» YOUR OBJECTIVE: All entries below are to be written out again exactly, but no picture is to be copied.

(RECORDED DATA begins)

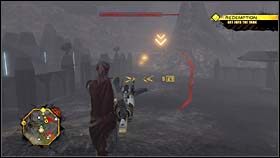 10 - Zadania główne (3) - Demons of the Badlands - Red Faction: Guerrilla - poradnik do gry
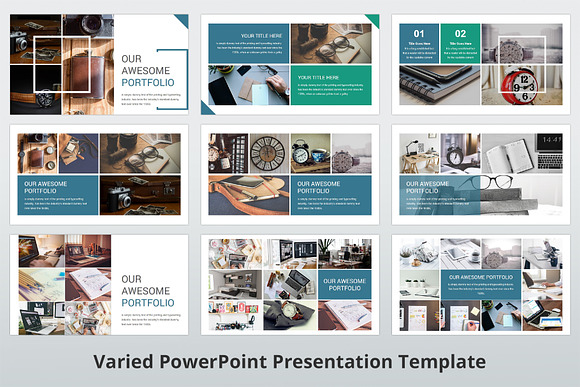 Business Pack PowerPoint Bundle in PowerPoint Templates - product preview 21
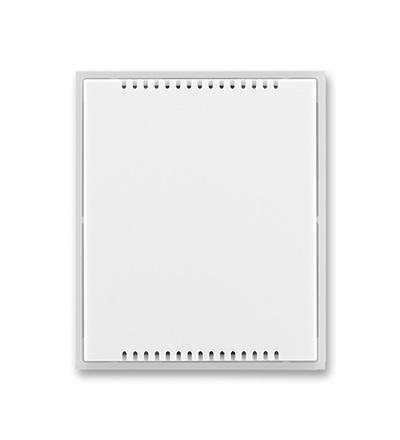 ABB Kryt modulu stmívacího výkonového 5015E-A00200 01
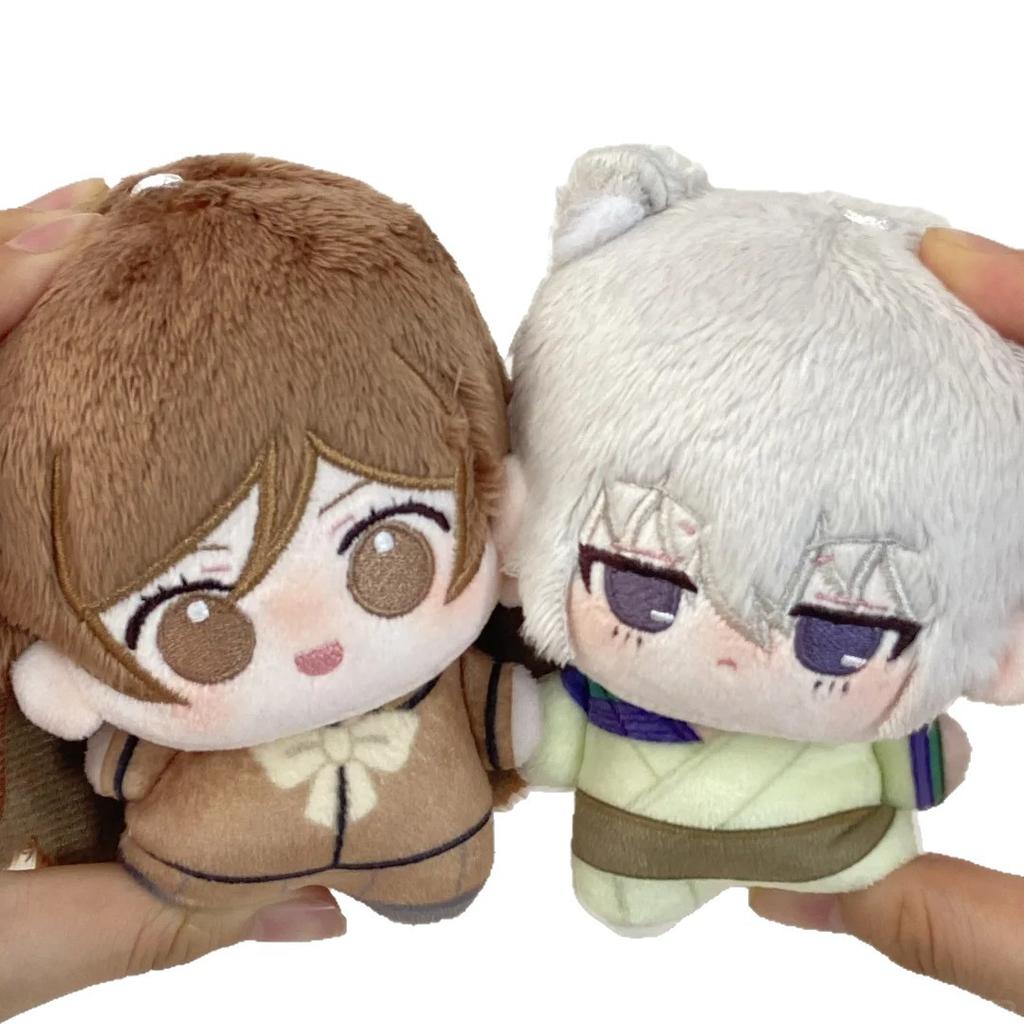 10cm Cosplay Starfish Kamisama Kiss Plush Toy Stuffed Doll Anime Girls Gifts
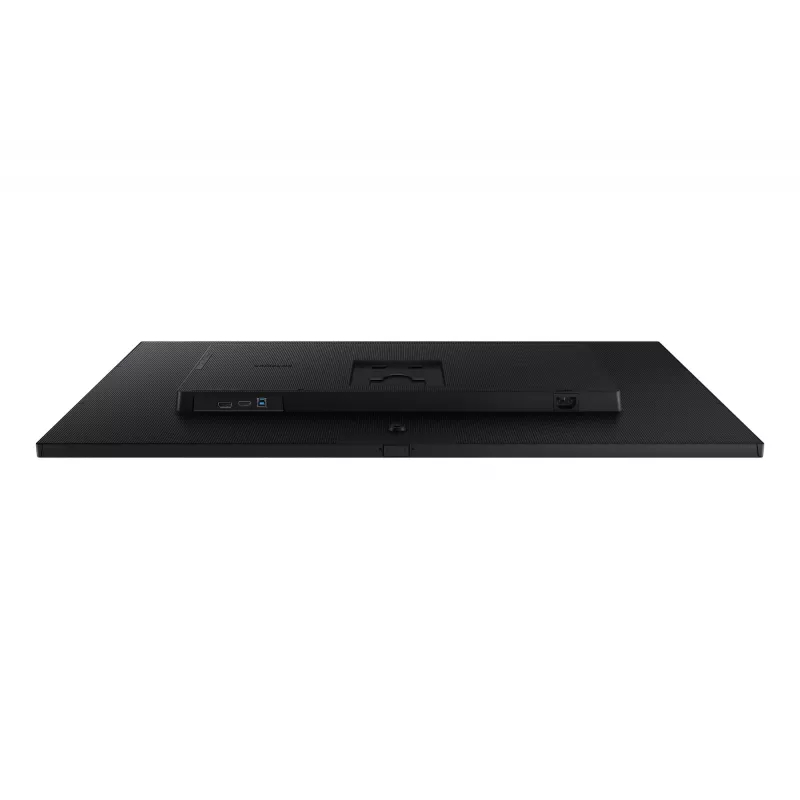 Samsung S80D computer monitor 94 cm (37 inch) 3840 x 2160 pixels 4K Ultra HD LCD Black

(RECORDED DATA ends)

» REPLY:
 10 - Zadania główne (3) - Demons of the Badlands - Red Faction: Guerrilla - poradnik do gry
 Business Pack PowerPoint Bundle in PowerPoint Templates - product preview 21
 ABB Kryt modulu stmívacího výkonového 5015E-A00200 01
 10cm Cosplay Starfish Kamisama Kiss Plush Toy Stuffed Doll Anime Girls Gifts
 Samsung S80D computer monitor 94 cm (37 inch) 3840 x 2160 pixels 4K Ultra HD LCD Black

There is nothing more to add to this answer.